Leben[Bearbeiten | Quelltext bearbeiten]

ʿAbd Schams war Zwillingsbruder von Hāschim ibn ʿAbd Manāf. Zusammen mit ihm und zwei weiteren Brüdern schuf er die politischen Voraussetzungen für den die Arabische Halbinsel umspannenden mekkanischen Handel. Er selbst soll Beziehungen mit dem Negus von Aksum angeknüpft haben.[1]

Nach dem Tod seines Vaters erbte er von ihm Amt der Kommandantur (qiyāda) der Stadt Mekka.[2] Als nunmehriges Oberhaupt des Clans ʿAbd Manāf forderte er die Vorherrschaft des ebenfalls quraischitischen Clans ʿAbd ad-Dār heraus, der mit den Clanen Machzūm, Sahm, Dschumah und ʿAdī verbündet war. Er selbst konnte dabei die Unterstützung der Clane Asad, Zuhra, Taim und al-Hārith ibn Fihr gewinnen.[3]

Die Banū ʿAbd Schams bis zum Tode des Propheten[Bearbeiten | Quelltext bearbeiten]

ʿAbd Schams hatte acht Söhne: Habīb, Umaiya den Älteren, Umaiya den Jüngeren, ʿAbd Umaiya, Naufal, ʿAbd al-ʿUzzā, Rabīʿa und ʿAbd Allāh.[4] Die führenden Männer unter den ʿAbd Schams im frühen 7. Jahrhundert waren Abū Uhaiha Saʿīd ibn al-ʿĀs und ʿUqba ibn Abī Muʿait, beide Enkel von Umaiya dem Älteren, und die beiden Söhne von Rabīʿa, ʿUtba und Schaiba. In dieser Zeit rivalisierten die ʿAbd Schams mit dem Clan Machzūm um die Führung der Stadt Mekka.[5]
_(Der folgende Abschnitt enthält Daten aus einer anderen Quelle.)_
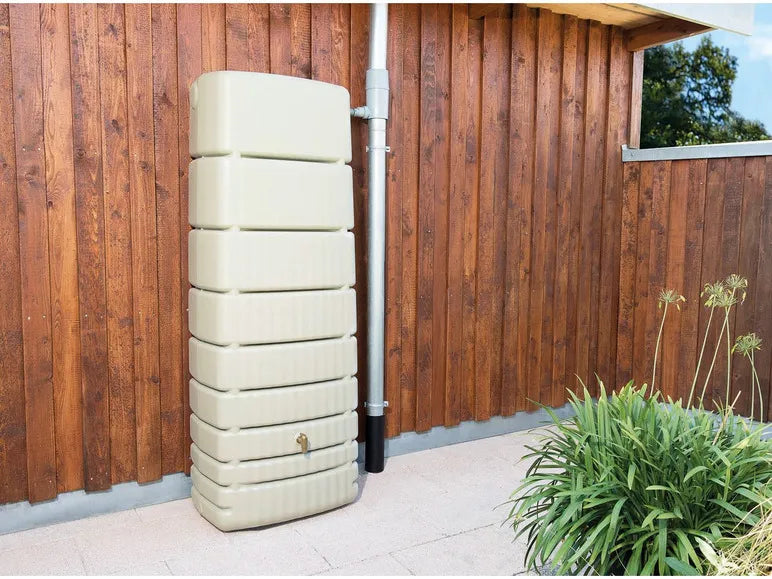 4rain "SLIM" regenwatertank, inhoud 650 liter, inclusief kraan en windbescherming.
Während die meisten ʿAbd Schams der von Mohammed verkündeten neuen Religion anfangs feindlich gegenüberstanden, gab es einige wenige, die sich ihm anschlossen, darunter Uthman ibn Affan und Chālid ibn Saʿīd, die beide Umayyaden, also Nachkommen von Umaiya dem Älteren waren. Nach der Schlacht von Badr, bei der mehrere führende Persönlichkeiten der ʿAbd Schams und der Machzūm fielen, wurde Abū Sufyān ibn Harb zum Oberhaupt der ʿAbd Schams und damit auch zum führenden Mann von Mekka.[6] Die Heirat seiner Tochter Ramla (= Umm Habība) mit Mohammed im Jahre 628, die durch Chālid ibn Saʿīd vermittelt wurde, bahnte den Ausgleich der ʿAbd Schams mit dem Propheten an.
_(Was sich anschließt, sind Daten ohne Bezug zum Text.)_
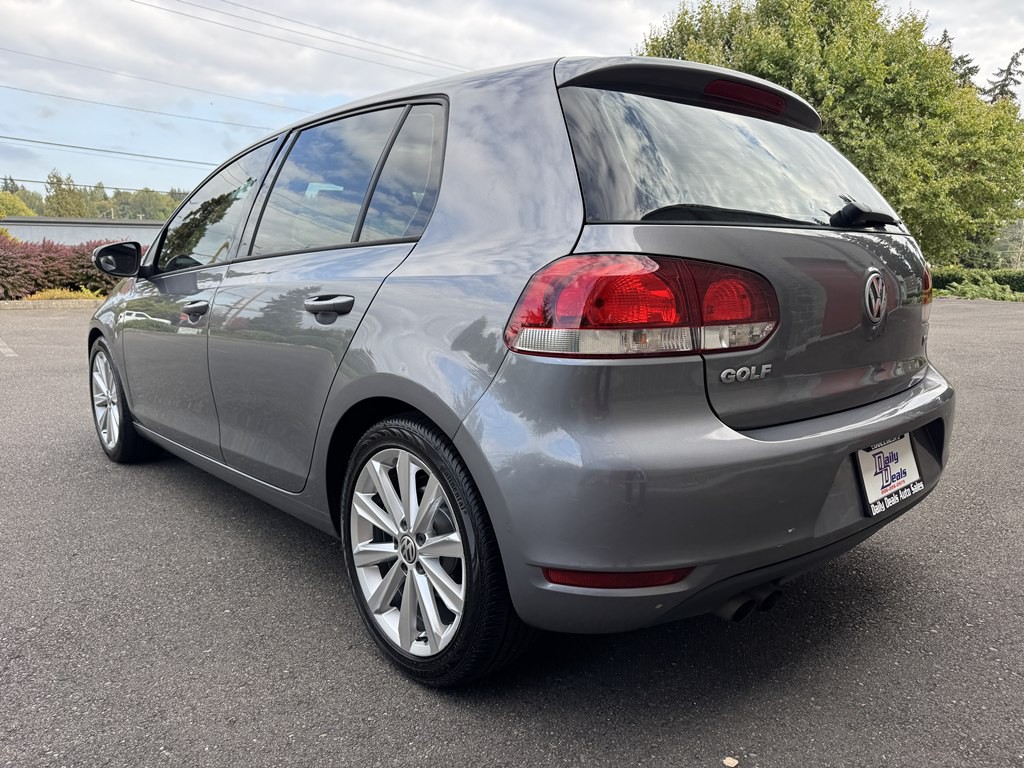 2012 Volkswagen Golf Image 6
Als 632 der zum relativ unbedeutenden Clan der Taim gehörende Abū Bakr zum Nachfolger des Propheten erhoben wurde, kehrten mehrere Angehörige der ʿAbd Schams ihre verwandtschaftliche Nähe mit den Banū Hāschim heraus und pochten auf die politischen Vorrechte der Nachkommen ʿAbd Manāfs, zu denen sie zusammen mit den Banū Hāschim gehörten.[7] Chālid ibn Saʿīd weigerte sich mehr als zwei Monate lang, Abū Bakr den Treueid zu leisten und kritisierte ʿAlī ibn Abī Tālib und ʿUthmān ibn ʿAffān heftig dafür, dass sie die Herrschaftsübernahme Abū Bakr zugelassen hatten.[8] Ein weiterer prominenter Angehöriger der ʿAbd Schams, der Abū Bakr die Gefolgschaft verweigerte, war Abū l-ʿĀs ibn ar-Rabīʿ, ein Sohn von ʿAbd al-ʿUzzā, der mit Zainab, der ältesten Tochter Mohammeds verheiratet war. Er nahm Partei für ʿAlī ibn Abī Tālib und gab ihm später, nach dem Tod von Fatima bint Mohammed, seine Tochter Umāma zur Frau.[9]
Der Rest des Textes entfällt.